Nara dan Alice terbangun pukul 20.00 WIB secara bersamaan. Dengan muka bantal dan tubuh yang lelah, mereka berusaha bangun dari tidur yang semakin membuat kepalanya pusing.
"Gue laper banget, Lis," ujar Nara dengan suara serak khas orang bangun tidur.
"Gue juga, bego," sahutnya.
"Minta makanan kek sama om lo yang tadi. Minta pizza atau sushi gitu."
Plakkk
Alice memukul lengan Nara yang terlihat nyawanya belum terkumpul sepenuhnya.
"Sakit, bego. Apaan sih," ketus Nara.
"Lo mikir dong, udah minta, masa mintanya yang mahal. Nggak punya attitude banget deh lo," seru Alice dengan tatapan sinisnya.
"Bodo amat. Yang penting gue kenyang. Buruan, Lis," suruh Nara dengan nada yang memaksa.

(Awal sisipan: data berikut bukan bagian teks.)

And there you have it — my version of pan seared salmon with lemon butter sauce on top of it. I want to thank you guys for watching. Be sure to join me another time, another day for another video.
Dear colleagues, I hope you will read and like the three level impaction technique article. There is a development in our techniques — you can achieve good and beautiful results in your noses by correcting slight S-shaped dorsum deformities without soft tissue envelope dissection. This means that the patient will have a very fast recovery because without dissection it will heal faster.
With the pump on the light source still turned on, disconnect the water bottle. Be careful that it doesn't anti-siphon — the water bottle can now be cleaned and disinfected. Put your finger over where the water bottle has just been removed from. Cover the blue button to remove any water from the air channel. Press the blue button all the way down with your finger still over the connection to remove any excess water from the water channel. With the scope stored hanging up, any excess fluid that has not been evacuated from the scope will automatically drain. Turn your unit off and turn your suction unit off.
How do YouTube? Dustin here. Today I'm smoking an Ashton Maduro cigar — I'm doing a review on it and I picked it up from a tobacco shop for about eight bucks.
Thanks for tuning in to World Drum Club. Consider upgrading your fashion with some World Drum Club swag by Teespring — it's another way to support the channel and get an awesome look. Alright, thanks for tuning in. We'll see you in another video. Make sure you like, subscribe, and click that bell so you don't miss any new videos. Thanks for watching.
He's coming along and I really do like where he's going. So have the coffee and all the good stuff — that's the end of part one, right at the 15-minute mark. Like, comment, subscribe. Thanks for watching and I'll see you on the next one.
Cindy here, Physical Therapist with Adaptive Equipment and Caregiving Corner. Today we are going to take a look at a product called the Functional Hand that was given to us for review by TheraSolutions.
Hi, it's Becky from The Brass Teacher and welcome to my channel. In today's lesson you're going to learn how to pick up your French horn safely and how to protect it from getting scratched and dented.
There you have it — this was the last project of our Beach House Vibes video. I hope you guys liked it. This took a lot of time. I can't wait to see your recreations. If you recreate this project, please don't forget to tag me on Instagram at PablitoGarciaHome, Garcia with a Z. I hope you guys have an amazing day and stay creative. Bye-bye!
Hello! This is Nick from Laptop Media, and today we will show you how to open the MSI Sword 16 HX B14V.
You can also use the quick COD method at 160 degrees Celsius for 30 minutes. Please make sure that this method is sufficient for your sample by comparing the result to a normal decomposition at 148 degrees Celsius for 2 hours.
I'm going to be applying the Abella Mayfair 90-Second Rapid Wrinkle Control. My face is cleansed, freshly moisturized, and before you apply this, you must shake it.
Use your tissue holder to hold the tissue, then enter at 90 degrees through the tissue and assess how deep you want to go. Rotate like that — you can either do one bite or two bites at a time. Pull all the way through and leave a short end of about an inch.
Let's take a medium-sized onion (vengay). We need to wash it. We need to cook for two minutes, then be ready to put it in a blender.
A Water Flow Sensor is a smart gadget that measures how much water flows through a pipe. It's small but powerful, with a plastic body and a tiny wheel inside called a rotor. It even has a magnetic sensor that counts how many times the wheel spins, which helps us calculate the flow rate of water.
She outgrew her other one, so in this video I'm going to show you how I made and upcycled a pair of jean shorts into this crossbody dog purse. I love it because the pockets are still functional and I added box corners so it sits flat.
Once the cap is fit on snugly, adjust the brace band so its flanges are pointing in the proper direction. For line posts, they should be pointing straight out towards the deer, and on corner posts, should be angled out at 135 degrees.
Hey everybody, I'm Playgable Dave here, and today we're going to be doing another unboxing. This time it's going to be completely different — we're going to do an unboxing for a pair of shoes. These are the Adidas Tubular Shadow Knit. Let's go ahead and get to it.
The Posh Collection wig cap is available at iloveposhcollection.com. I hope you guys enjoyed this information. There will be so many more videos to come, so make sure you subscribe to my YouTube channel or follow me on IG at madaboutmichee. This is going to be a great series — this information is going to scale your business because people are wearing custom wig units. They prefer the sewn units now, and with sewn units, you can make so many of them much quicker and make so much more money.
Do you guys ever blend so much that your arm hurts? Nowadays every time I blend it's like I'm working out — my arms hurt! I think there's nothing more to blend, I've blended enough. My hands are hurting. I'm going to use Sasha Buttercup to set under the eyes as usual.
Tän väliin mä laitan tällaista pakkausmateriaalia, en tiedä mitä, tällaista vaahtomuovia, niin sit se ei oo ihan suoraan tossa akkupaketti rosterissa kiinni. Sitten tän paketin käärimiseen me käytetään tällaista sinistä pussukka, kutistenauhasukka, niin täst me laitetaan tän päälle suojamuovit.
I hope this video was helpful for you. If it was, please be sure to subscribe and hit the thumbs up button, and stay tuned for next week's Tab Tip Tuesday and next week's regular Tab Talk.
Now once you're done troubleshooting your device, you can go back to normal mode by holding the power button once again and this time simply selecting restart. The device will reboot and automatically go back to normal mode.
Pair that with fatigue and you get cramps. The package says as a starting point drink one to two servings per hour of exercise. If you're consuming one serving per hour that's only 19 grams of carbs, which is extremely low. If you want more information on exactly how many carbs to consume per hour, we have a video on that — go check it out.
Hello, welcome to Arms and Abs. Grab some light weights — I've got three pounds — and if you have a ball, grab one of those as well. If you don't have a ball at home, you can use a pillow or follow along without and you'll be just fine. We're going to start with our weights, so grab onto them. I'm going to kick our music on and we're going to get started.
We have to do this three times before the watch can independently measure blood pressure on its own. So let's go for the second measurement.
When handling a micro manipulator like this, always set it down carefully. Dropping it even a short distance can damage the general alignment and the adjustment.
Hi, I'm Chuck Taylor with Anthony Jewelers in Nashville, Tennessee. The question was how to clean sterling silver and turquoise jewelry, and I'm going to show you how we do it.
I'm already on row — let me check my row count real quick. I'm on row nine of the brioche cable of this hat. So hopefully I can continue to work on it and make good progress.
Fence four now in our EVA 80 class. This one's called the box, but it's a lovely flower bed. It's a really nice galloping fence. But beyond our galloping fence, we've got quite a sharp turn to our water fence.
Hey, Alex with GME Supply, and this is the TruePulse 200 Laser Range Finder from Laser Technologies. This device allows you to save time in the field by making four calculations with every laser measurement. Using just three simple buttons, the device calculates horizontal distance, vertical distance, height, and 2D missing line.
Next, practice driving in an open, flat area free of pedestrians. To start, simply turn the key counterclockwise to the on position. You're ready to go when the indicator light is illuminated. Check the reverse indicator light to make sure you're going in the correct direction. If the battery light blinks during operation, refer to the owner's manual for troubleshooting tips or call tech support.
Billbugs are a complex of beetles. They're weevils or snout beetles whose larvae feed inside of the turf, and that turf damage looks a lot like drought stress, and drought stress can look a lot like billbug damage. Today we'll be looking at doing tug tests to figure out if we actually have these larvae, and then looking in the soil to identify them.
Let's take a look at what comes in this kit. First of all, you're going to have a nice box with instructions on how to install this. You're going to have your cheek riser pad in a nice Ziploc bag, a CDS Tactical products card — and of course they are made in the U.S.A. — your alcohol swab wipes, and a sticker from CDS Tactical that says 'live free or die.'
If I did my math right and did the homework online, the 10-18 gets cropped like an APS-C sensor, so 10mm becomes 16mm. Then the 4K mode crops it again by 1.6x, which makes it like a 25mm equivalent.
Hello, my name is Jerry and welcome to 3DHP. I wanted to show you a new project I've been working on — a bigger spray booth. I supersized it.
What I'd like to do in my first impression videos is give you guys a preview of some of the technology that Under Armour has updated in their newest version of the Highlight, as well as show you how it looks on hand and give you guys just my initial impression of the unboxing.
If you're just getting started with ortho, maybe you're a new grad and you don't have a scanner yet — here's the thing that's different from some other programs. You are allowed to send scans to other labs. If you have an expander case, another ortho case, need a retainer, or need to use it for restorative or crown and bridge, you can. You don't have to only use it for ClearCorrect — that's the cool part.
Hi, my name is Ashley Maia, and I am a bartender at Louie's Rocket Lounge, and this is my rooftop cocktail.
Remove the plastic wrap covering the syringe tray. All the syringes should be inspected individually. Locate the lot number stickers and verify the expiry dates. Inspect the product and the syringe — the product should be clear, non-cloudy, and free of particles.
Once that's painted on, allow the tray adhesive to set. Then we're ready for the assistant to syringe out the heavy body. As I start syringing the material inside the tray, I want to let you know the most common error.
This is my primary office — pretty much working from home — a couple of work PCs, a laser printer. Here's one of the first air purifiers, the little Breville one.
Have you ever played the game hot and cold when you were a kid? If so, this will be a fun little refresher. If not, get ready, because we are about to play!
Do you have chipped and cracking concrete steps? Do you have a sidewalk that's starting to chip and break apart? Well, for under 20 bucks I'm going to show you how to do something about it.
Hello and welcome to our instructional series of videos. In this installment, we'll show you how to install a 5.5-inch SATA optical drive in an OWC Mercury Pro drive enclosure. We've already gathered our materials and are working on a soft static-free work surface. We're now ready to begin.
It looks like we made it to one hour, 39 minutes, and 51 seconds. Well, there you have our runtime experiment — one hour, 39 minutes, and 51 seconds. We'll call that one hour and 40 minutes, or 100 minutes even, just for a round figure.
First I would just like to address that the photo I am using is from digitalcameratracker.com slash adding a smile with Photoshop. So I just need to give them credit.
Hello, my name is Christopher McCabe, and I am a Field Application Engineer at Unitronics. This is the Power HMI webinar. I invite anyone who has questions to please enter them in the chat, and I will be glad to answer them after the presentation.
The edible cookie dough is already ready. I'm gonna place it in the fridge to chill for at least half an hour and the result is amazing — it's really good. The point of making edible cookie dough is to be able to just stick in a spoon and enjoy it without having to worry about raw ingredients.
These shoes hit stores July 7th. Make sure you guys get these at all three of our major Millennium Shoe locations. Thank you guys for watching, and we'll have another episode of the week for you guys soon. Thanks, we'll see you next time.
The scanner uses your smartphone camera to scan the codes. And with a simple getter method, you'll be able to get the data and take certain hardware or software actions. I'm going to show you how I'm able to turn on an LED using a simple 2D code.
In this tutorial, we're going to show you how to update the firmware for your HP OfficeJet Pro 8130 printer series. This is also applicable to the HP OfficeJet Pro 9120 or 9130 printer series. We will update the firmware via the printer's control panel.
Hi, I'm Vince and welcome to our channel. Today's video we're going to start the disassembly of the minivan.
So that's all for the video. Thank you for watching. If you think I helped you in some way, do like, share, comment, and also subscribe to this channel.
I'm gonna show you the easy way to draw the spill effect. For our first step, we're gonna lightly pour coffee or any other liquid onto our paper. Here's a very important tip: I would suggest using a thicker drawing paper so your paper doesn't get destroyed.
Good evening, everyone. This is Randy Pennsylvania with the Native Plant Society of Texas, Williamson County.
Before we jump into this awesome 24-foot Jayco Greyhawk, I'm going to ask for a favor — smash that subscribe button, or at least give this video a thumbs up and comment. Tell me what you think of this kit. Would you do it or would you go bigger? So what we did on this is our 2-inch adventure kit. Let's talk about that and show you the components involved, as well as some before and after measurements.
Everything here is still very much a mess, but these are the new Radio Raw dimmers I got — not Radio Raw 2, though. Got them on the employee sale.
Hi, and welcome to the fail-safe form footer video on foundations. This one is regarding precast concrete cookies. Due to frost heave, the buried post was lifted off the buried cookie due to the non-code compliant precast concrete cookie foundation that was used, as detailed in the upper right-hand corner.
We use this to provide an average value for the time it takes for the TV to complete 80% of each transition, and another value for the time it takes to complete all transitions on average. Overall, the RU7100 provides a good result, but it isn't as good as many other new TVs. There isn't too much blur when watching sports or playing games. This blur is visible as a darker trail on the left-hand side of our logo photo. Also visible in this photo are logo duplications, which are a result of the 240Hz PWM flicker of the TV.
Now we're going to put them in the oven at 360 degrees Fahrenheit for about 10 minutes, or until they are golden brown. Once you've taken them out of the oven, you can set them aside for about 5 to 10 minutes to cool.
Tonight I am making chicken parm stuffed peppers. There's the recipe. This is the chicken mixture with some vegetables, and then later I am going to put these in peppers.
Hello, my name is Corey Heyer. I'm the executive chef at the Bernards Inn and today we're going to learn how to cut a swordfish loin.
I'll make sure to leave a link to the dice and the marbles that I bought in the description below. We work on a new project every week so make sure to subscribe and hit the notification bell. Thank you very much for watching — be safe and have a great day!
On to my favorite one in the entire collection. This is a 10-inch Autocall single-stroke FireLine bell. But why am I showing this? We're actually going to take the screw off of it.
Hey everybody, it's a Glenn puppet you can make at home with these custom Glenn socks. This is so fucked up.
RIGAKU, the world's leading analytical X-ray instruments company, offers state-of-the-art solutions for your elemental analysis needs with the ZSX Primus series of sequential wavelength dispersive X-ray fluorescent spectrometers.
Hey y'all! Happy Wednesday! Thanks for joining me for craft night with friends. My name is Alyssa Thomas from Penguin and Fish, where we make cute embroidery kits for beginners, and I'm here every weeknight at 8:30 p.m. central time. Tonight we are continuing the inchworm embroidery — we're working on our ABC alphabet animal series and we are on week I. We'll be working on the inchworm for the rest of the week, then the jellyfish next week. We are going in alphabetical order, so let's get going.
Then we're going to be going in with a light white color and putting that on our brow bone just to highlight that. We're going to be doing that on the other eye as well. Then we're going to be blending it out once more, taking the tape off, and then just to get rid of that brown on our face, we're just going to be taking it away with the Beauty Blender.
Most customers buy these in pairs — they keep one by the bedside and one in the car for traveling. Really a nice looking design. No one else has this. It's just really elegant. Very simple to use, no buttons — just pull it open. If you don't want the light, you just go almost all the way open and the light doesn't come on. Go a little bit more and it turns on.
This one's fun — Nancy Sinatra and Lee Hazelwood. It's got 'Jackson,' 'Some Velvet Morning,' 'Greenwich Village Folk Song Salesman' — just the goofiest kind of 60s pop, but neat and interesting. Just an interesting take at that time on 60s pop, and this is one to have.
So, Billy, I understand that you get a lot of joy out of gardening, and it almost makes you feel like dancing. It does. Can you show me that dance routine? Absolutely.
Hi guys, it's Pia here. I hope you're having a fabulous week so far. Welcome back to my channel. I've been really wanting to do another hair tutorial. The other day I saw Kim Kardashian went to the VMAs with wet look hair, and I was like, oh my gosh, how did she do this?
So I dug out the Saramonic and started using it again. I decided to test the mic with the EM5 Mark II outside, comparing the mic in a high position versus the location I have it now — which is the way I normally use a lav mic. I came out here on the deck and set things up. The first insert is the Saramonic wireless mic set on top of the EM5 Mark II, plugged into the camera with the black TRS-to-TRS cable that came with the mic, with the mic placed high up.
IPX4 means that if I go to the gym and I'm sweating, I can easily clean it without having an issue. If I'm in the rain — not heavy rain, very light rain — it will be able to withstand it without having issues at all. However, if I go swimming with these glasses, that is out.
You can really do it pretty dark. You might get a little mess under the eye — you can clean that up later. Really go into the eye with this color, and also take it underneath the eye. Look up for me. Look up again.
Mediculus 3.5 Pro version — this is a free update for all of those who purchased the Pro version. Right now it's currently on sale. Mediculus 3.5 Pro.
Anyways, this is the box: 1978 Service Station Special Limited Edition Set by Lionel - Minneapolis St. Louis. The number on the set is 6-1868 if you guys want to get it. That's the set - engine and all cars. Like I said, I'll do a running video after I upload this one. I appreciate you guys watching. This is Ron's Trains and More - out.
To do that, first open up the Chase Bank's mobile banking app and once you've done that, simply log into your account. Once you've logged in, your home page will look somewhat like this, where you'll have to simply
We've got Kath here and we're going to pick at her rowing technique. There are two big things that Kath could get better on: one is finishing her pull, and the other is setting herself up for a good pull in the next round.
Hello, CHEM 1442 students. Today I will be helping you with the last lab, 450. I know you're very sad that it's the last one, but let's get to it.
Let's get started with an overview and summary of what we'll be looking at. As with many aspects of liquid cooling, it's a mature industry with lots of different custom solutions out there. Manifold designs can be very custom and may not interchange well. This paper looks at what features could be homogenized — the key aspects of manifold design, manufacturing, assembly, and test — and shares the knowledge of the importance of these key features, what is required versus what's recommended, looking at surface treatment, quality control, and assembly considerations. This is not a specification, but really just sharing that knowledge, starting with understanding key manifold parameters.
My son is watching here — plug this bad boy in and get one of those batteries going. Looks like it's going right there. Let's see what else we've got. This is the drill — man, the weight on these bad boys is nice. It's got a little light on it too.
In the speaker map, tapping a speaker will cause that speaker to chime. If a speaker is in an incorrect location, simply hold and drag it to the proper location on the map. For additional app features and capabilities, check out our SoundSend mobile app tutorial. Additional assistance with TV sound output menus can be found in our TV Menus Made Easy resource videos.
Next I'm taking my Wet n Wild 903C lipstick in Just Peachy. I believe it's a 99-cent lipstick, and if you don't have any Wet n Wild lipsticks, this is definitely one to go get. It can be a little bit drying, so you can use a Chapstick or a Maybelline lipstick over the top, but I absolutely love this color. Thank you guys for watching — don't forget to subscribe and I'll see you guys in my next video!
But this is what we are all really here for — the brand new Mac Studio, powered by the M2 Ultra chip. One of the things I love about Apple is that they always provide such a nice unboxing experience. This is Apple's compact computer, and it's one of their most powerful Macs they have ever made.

"Iya Nar, berisik banget sih." Alice mengambil handphone miliknya, terlihat ia mengetikan pesan disana.
Beberapa menit kemudian, ada abang ojol mengantar makanan. Dengan semangat, Nara dan Alice membuka makanan tersebut.
"Anjay, nasi padang. Mantep pake banget ini sih." Nara terlihat sangat antusias melihat makanan tersebut. "Sebenernya gue lagi pengen pizza, tapi nasi padang oke juga lah," lanjutnya.
Mereka menyantap makanan itu dengan nikmat. Berasa beban hidup terangkat semua.
"Ehh ini, si om chat gue. Katanya kita besok bisa kerja."
"Serius lo?"
"Iya serius. Nih liat. Tapi kita nggak bisa bareng, karena tiap tempat yang dibutuhkan cuma satu orang," ujar Alice dengan nada sedikit kecewa.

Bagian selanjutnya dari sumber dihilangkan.